Esos cortos mensajes, inquietantes y sugestivos, preparaban una jugada más decisiva que pondría en descubierta a Lili y, más delicado aún, exponía su amistad con Luisa a un posible sacrificio. Lili consintió al juego y a la obligación de confesar su papel de celestina, con la confianza que el buen humor de Luisa soportaría la chanza. Le entregaría una carta el primer viernes de abril, donde declaraba mis sentimientos y citaba nuestro primer encuentro en el próximo plenilunio. Estuve a punto de ceder al entusiasmo de invocar las figuras griegas de Pandora y Helena, para pedirle una esperanza, así ardiera Troya. Pero mi propósito no era redactar razones míticas ni heroicas si no sencillas, con estilo natural e insinuante. Le decía, algo así como, que un recóndito impulso me lanzaba en su busca para reclamar un bien perdido y por eso buscaba sus ojos al cruce de caminos y miradas, buscaba sus labios en las bocas de sonrisas dibujadas, en los montes y en los árboles buscaba su talle, sus senos, sus nalgas, en el agua la buscaba, en las nubes, en la vía láctea, la buscaba con la determinación gravitacional con que un río busca el mar. Digo algo así, porque estas no son las mismas palabras de aquella misiva, porque "Oscuro Heráclito nadie dice dos veces la misma palabra".

Dos semanas después era la luna llena, la noche del jaque. Los movimientos estaban cuidadosamente planeados. Se programaba una peña artística al aire libre en la que actuaría el Grupo Suramérica. El novio de Luisa no asistiría porque le aburría la música latinoamericana, yo sólo detestaba a Suramérica. Luisa y Lili estaban juntas y las tenía en la mira, a tiro de piedra. El ataque fue rápido y sorpresivo. Me acerqué como un gato por la espalda. Ellas estaban sentadas en la manga y Luisa le hacía una trenza a Lili. Me les puse de frente. Barri la mirada de Lili a Luisa y me detuve frente a sus ojos. Creo que el tiempo también se detuvo.

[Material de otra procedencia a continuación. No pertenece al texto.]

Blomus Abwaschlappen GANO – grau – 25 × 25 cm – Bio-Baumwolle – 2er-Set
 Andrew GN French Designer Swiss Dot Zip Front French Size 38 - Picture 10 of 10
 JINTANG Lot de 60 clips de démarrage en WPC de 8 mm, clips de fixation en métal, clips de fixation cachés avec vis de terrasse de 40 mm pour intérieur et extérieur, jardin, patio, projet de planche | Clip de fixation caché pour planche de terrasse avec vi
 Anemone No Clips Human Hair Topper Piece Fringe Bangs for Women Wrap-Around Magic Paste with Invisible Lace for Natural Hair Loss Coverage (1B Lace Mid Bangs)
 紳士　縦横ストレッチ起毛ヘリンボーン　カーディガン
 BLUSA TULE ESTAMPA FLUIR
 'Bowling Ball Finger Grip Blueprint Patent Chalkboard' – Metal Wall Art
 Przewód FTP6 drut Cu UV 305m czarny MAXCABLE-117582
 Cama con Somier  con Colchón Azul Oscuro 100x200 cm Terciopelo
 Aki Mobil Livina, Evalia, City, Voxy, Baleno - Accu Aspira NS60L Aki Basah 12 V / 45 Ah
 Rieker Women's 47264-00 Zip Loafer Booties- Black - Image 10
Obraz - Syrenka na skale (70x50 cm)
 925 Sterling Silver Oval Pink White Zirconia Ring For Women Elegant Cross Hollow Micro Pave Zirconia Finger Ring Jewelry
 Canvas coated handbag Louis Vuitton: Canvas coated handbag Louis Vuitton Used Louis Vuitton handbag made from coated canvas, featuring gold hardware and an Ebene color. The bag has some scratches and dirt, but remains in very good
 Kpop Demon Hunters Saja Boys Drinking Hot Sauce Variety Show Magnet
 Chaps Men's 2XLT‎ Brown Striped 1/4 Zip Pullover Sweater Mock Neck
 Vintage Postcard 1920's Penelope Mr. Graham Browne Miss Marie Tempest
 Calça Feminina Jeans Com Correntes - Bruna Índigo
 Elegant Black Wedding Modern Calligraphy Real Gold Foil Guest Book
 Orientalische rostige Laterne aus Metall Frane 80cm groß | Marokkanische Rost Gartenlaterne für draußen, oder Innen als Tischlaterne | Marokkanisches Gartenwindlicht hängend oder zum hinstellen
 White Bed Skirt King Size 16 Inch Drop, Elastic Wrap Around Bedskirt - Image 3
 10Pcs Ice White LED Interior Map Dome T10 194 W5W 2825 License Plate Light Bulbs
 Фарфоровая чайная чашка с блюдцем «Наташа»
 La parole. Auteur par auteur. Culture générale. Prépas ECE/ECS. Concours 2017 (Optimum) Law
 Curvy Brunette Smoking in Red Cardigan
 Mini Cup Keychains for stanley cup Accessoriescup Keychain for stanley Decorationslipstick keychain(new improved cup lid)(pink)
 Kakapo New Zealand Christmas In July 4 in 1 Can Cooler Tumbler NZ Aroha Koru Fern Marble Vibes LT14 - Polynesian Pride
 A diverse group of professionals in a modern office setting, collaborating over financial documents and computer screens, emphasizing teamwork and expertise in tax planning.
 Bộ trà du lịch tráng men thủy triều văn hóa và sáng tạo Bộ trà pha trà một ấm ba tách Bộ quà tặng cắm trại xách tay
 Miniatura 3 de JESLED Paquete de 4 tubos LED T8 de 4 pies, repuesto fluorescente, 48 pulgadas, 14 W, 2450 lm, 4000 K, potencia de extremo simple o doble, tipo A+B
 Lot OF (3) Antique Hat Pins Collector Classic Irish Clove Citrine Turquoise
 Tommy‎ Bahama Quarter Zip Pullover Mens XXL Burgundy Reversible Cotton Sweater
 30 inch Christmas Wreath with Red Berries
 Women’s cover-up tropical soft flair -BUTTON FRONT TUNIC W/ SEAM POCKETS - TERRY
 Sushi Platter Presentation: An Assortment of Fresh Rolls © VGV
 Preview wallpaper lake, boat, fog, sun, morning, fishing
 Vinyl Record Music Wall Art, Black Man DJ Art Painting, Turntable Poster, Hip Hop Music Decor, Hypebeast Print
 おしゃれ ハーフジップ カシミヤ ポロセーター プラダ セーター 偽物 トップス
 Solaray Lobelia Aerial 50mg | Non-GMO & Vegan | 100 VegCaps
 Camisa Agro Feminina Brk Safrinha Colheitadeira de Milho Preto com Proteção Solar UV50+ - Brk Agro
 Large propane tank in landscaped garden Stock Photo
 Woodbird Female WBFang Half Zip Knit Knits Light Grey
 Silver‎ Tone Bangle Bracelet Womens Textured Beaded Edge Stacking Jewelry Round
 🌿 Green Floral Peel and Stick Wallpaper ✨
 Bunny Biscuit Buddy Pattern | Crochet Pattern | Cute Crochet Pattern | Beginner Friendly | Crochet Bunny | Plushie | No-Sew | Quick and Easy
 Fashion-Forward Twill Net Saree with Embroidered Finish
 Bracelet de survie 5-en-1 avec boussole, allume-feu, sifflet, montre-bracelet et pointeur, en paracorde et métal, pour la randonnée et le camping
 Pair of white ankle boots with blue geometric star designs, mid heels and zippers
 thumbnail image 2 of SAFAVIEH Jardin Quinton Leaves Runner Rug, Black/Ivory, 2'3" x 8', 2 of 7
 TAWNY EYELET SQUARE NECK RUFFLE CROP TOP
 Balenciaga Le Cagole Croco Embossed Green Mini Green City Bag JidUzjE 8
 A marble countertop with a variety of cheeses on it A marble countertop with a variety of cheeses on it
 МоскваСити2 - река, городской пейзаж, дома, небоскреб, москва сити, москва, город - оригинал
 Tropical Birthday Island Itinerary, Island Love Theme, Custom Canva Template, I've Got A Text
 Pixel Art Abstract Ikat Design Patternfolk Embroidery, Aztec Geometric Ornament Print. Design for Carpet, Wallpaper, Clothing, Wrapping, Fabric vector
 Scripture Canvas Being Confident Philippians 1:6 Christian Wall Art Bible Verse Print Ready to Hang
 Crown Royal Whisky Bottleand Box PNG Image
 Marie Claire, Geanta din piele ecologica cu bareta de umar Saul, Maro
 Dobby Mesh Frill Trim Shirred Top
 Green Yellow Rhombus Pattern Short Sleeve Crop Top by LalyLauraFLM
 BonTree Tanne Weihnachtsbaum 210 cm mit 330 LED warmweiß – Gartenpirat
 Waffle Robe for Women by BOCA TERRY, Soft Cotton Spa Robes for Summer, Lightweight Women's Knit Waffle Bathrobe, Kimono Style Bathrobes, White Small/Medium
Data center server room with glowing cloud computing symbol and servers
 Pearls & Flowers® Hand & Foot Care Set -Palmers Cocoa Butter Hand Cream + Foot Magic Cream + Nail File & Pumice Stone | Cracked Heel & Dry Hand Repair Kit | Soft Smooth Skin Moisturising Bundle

Antes de paralizarme hice ademán de buscar algo en mi pecho. Le dije, con voz suave, que tenía para ella algo del corazón. Y pronto, de entre la camisa y la chaqueta, saqué un ramillete de rosas envueltas en celofán.  Alargué el brazo. Ella lo recibió sorprendida. Hubo un silencio mudo y para no profanar la solemnidad, dije adiós y me retiré con el mismo compañero que me sirvió de escudo y excusa para acercarme y huir.